Two edge classes, matching the attachment model: execution edges (emits, handoff_to) are observed from the trace (State A); dependency edges (depends_on) are inferred or declared (State B) and are never read off the trace. The graph is a first-class, queryable part of the package; audit() stays the ergonomic capture entry and the user is never asked to build the graph by hand.

build_graph

build_graph(
    steps,
    *,
    dependency="full_context",
    shared_resource=True
)

Build the typed decision graph from a normalized trace.
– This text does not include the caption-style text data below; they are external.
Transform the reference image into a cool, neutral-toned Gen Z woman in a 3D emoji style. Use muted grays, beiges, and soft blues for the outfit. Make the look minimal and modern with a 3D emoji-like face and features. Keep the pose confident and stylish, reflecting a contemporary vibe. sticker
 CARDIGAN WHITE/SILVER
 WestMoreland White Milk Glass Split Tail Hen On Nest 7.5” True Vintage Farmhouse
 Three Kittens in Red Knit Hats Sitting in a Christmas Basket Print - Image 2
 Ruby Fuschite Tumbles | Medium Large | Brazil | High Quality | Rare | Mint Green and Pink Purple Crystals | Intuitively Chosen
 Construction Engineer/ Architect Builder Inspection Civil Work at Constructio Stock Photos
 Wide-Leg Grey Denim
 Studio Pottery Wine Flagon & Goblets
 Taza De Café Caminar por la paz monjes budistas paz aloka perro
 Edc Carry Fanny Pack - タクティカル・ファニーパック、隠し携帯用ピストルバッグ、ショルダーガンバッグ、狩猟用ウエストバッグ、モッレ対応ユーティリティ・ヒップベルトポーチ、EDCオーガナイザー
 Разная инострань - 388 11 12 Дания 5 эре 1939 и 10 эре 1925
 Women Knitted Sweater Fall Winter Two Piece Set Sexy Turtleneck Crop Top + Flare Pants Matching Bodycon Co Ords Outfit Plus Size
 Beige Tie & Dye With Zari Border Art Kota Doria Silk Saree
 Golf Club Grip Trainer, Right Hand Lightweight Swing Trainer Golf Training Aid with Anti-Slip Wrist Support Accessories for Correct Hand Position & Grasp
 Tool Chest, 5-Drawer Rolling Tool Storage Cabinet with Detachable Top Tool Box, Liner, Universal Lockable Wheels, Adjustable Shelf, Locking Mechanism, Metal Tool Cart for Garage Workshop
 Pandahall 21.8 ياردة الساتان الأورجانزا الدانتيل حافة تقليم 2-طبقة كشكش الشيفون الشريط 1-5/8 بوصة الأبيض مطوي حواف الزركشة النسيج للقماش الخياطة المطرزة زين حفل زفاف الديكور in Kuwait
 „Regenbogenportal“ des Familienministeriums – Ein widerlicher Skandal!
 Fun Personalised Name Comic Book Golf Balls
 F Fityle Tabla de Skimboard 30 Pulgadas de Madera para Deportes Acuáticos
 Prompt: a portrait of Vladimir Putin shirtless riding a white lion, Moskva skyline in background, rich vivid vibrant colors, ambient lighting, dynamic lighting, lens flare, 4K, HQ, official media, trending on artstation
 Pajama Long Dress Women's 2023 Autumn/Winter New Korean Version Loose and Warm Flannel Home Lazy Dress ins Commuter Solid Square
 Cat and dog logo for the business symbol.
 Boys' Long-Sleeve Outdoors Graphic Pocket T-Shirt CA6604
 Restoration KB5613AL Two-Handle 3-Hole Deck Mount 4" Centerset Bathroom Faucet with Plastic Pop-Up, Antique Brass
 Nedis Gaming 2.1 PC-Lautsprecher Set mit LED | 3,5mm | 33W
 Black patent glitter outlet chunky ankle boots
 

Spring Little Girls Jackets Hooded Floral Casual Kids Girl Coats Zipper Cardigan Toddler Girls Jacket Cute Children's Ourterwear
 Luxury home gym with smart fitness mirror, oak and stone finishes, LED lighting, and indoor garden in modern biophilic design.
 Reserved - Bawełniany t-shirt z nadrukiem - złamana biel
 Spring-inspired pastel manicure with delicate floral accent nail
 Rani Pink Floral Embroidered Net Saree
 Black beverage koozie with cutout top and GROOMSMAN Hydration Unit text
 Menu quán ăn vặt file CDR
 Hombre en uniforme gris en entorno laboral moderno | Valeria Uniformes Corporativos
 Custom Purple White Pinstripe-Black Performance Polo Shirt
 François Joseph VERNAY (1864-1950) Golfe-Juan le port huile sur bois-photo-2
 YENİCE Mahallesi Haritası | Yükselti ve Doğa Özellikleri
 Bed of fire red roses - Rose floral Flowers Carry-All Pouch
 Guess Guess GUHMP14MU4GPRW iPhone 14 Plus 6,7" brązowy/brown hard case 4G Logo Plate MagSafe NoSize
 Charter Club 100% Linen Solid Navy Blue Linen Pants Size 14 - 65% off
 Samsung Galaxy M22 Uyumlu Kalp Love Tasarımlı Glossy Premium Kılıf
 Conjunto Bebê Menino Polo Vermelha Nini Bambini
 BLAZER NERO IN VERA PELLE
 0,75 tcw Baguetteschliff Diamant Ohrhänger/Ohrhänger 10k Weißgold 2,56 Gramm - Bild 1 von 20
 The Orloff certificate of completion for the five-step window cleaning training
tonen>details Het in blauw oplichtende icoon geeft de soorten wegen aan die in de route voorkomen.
steps are ordered dicts with keys idx (a unique int), agent (str), and kind ("decision" or "tool_call"). Execution edges come from the trace. Dependency edges follow dependency: "full_context" (each step depends on every prior step, the full-history assumption these multi-agent systems actually use), "chain" (each step depends only on its immediate predecessor), or "explicit" (each step depends on exactly the prior steps named in its own deps list of indices). "explicit" is the observed- dependency case: when the trace exposes which state a step actually read (tool I/O, file reads), the adapter records it in deps instead of inferring it. shared_resource adds one dependency_resource node that every step reads and writes (the shared blackboard); pass False when dependencies are modeled explicitly and the coarse blackboard would double-count.

dependency_dag

dependency_dag(G)

The depends_on projection as a simple DiGraph (step -> what it relied on).

characterize

characterize(G)

Structural properties of one decision graph (the per-graph measurement).

downstream_reach

downstream_reach(G, step_idx)

How many steps (transitively) depend on step_idx -- its blast radius.

execution_reach

execution_reach(G, step_idx)

How many steps transitively FOLLOW step_idx in control flow -- the plan keystone.

Twin of :func:downstream_reach, but over the EXECUTION projection (handoff_to edges) instead of depends_on. In :meth:SessionGraph.to_networkx, handoff_to points predecessor -> successor, so the transitive followers of a node are its DESCENDANTS in that projection (contrast :func:downstream_reach, where depends_on points dependent -> dependency and the blast set is the ANCESTORS). Returns 0 if the node is not in the graph.